En République démocratique du Congo, la présence dominante de Glencore à travers Kamoto Copper Company et Mutanda Mining placerait le pays face à un opérateur fusionné contrôlant un volume significatif de la production mondiale de cuivre et de cobalt. Une telle concentration pourrait limiter la marge de manœuvre congolaise sur les redevances et les termes contractuels futurs.
En Afrique du Sud, la combinaison des actifs de Rio Tinto (Richards Bay Minerals, Palabora) et de ceux de Glencore (charbon, ferrochrome, vanadium) exposerait le marché national à des risques de position dominante. Les autorités antitrust pourraient exiger des cessions, notamment dans les segments charbonniers et des minéraux lourds.

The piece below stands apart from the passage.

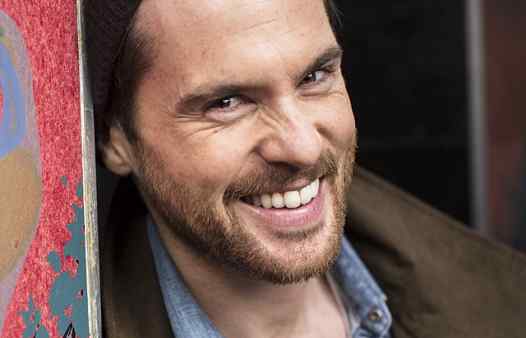 Tom Riley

En Guinée-Conakry, le projet Simandou de Rio Tinto, l’un des gisements de fer à haute teneur les plus stratégiques au monde, représente un levier fiscal important, avec 58 millions de dollars d’impôts versés en 2024. Une cession imposée par les autorités de concurrence réduirait la visibilité du pays sur ses recettes et sur le financement des infrastructures ferroviaires et portuaires structurantes.
À Madagascar, QIT Madagascar Minerals, appartenant à Rio Tinto, structure réputée pour son modèle d’investissement communautaire, pourrait être concernée par une rationalisation du portefeuille, en cas de reconfiguration globale des priorités du groupe fusionné.
Les actifs des deux géants miniers situés dans des pays périphériques comme la Zambie, la Tanzanie, le Burkina Faso, la Mauritanie ou la Namibie constitueraient des cibles probables de désinvestissements. Moins stratégiques à l’échelle du portefeuille mondial, ces projets seraient susceptibles d’apparaître comme des variables d’ajustement pour satisfaire les exigences des régulateurs internationaux.
La dimension géoéconomique s’ajoute aux enjeux sectoriels. La Chine, premier importateur mondial de matières premières, jouerait un rôle déterminant dans l’issue du processus. Les précédents, notamment l’obligation faite à Glencore en 2013 de céder Las Bambas pour obtenir l’aval de Pékin lors de la fusion avec Xstrata, montrent que les autorités chinoises n’hésitent pas à conditionner leur feu vert à des transferts d’actifs stratégiques.
Compte tenu de la place du cuivre dans la transition énergétique et de l’essor de l’intelligence artificielle, les actifs africains liés à ce métal – en particulier en RDC et en Zambie – pourraient faire l’objet d’exigences spécifiques, allant de garanties d’approvisionnement à des cessions forcées au bénéfice d’entités chinoises. La présence de Chinalco, actionnaire de référence de Rio Tinto à 11 %, renforce cette capacité d’influence, notamment sur des projets comme Simandou.